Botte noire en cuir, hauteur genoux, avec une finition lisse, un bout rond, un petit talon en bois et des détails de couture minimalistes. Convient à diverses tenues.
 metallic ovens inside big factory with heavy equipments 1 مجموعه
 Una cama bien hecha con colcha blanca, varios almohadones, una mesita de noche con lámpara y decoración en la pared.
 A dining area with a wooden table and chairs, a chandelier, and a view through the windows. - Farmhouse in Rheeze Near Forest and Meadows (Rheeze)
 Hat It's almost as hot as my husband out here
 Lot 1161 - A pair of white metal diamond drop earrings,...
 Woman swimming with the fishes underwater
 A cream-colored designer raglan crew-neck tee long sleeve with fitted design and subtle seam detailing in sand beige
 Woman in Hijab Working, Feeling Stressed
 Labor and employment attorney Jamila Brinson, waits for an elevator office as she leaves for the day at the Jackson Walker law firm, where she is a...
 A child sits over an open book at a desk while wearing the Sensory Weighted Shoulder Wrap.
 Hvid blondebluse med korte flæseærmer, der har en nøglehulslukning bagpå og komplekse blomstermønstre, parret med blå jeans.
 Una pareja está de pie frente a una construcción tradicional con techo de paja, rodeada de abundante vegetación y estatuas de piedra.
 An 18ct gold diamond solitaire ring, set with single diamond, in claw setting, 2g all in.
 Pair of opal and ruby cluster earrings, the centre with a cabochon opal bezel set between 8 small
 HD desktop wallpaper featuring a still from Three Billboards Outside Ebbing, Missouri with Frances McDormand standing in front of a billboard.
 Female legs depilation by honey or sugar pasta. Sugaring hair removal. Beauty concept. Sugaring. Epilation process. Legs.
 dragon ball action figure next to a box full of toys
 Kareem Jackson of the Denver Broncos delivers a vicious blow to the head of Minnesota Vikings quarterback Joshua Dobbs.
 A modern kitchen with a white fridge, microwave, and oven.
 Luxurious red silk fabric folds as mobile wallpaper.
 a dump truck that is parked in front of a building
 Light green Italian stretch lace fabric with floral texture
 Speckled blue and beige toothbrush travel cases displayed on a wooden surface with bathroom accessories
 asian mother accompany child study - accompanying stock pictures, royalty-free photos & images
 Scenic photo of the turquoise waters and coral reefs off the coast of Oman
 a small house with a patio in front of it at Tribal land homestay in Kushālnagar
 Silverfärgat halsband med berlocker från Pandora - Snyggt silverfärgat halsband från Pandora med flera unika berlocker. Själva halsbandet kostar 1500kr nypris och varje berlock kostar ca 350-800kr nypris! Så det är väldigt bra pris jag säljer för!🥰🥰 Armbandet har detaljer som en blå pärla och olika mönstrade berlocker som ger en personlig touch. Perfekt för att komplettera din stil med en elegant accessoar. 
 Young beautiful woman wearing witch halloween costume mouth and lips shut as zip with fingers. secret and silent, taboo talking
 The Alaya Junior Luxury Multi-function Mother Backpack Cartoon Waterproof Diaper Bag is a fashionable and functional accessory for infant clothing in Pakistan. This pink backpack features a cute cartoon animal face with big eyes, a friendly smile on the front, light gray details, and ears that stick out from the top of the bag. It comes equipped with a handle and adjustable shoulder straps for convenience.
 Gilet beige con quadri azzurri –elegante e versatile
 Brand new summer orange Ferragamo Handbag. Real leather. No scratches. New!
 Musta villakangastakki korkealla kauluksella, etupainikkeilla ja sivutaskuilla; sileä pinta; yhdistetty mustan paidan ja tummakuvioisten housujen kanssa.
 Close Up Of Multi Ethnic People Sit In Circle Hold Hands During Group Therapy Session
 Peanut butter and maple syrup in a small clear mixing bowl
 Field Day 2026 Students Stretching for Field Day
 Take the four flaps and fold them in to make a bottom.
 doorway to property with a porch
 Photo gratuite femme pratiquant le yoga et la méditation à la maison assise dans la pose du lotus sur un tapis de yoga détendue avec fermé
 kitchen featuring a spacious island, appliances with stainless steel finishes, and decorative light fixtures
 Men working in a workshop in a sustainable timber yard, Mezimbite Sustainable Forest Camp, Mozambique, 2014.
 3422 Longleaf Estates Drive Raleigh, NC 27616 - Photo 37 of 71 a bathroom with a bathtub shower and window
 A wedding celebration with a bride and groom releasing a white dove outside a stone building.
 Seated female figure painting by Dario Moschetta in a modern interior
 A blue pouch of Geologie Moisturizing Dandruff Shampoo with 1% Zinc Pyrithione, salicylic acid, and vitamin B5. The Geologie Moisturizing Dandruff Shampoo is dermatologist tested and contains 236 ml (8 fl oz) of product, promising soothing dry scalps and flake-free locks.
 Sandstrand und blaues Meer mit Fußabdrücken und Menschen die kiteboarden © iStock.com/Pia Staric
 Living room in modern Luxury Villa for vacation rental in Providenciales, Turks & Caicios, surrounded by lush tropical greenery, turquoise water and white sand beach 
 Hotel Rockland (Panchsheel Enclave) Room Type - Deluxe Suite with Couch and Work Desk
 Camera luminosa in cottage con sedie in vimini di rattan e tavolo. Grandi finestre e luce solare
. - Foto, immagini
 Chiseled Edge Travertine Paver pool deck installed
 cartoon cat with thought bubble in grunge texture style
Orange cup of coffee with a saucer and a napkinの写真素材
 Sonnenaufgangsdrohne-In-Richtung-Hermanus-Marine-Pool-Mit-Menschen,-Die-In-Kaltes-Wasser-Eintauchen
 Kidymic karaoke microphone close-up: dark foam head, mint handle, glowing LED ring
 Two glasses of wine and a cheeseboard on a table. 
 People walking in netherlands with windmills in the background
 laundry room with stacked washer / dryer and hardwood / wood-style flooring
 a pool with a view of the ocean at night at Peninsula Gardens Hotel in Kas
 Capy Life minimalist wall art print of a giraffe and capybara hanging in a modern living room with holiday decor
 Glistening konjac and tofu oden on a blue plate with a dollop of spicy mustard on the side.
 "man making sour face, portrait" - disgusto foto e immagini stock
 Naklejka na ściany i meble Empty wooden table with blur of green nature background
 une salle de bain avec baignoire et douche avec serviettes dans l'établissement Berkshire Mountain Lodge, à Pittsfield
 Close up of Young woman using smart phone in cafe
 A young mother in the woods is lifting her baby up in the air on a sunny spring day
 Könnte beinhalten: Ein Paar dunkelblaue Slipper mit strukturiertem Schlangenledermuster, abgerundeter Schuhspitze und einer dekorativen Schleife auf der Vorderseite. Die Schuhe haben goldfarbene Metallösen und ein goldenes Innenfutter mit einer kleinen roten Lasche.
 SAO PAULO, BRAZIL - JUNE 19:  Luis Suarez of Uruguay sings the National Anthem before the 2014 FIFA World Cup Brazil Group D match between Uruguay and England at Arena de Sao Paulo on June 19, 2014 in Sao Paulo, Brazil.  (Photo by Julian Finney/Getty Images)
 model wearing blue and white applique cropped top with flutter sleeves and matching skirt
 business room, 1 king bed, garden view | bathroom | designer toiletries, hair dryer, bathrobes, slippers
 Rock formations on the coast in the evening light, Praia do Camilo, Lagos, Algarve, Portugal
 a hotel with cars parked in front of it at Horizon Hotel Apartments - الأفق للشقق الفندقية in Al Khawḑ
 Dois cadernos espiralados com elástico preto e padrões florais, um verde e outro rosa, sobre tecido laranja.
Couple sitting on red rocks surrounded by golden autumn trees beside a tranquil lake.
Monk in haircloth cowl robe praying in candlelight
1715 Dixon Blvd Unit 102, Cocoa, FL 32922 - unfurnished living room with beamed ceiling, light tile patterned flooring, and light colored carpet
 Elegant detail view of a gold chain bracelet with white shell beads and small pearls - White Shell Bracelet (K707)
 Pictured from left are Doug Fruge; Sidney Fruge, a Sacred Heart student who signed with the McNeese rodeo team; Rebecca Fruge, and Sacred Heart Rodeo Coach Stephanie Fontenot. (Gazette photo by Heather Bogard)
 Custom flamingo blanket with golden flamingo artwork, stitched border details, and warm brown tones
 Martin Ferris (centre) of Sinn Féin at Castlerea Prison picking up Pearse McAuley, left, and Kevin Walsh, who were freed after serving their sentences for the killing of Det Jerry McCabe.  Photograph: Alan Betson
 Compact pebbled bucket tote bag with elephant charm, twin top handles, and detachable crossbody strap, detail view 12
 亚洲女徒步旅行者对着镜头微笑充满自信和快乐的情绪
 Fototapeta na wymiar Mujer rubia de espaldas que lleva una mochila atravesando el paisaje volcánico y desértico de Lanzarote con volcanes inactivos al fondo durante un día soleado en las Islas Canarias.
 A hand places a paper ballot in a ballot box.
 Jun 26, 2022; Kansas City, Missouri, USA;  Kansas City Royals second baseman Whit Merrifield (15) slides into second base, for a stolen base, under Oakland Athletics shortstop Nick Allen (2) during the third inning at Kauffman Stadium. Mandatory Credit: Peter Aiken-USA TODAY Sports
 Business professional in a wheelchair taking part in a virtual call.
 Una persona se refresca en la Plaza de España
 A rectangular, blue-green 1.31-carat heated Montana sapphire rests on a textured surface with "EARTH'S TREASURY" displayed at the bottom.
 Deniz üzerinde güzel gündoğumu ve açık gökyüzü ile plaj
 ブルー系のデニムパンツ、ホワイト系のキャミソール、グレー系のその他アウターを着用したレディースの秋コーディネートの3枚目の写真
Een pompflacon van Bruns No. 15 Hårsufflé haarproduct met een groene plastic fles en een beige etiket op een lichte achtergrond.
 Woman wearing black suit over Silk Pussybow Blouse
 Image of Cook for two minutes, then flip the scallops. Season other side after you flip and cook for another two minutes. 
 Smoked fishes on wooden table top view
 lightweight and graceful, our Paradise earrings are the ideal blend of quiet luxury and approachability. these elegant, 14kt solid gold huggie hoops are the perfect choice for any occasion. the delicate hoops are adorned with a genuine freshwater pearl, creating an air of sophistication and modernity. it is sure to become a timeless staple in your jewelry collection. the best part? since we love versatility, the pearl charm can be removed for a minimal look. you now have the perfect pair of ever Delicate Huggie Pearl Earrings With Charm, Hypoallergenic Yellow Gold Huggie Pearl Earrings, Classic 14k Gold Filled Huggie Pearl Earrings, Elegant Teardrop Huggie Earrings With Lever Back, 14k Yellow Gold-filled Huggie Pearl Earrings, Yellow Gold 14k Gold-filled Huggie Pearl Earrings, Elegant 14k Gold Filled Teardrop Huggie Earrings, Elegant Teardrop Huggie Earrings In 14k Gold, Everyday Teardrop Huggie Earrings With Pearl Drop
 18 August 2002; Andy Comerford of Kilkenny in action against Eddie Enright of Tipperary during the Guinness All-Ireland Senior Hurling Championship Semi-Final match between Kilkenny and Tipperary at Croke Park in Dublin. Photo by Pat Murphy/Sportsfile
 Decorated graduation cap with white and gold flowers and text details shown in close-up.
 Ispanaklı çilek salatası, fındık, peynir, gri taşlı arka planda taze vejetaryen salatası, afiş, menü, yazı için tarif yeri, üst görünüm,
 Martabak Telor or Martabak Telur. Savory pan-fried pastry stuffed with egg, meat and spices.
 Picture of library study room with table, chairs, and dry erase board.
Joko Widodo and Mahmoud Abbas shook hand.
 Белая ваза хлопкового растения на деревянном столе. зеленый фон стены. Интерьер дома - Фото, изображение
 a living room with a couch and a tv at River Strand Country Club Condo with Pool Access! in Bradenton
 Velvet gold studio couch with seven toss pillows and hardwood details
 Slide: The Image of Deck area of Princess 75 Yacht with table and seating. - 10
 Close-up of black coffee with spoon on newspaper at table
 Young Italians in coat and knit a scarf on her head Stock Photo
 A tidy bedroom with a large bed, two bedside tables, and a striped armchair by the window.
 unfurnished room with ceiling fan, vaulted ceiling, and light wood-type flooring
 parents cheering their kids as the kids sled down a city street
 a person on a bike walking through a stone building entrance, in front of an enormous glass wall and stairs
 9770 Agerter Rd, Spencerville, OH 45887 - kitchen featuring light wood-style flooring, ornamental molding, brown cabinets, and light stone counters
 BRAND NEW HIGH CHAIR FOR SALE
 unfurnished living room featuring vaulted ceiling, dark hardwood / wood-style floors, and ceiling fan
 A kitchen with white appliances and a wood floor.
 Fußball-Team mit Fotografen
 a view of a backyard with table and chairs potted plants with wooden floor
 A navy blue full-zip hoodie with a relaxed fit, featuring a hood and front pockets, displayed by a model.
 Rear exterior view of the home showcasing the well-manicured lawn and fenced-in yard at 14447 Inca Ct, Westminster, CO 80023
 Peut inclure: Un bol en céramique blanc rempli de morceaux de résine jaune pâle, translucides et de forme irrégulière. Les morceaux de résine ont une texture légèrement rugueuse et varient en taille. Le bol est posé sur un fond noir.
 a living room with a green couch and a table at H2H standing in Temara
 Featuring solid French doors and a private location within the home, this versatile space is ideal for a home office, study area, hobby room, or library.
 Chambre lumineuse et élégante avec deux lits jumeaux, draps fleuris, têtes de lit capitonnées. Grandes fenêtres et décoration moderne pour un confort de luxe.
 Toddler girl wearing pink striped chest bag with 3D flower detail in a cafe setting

■ **TASK**: Write out exactly the lines above from the line with "e immagini stock" through the line with "Close up of Young", both of them included, and leave out all other lines.

■ **WRITTEN SOLUTION**:
 "man making sour face, portrait" - disgusto foto e immagini stock
 Naklejka na ściany i meble Empty wooden table with blur of green nature background
 une salle de bain avec baignoire et douche avec serviettes dans l'établissement Berkshire Mountain Lodge, à Pittsfield
 Close up of Young woman using smart phone in cafe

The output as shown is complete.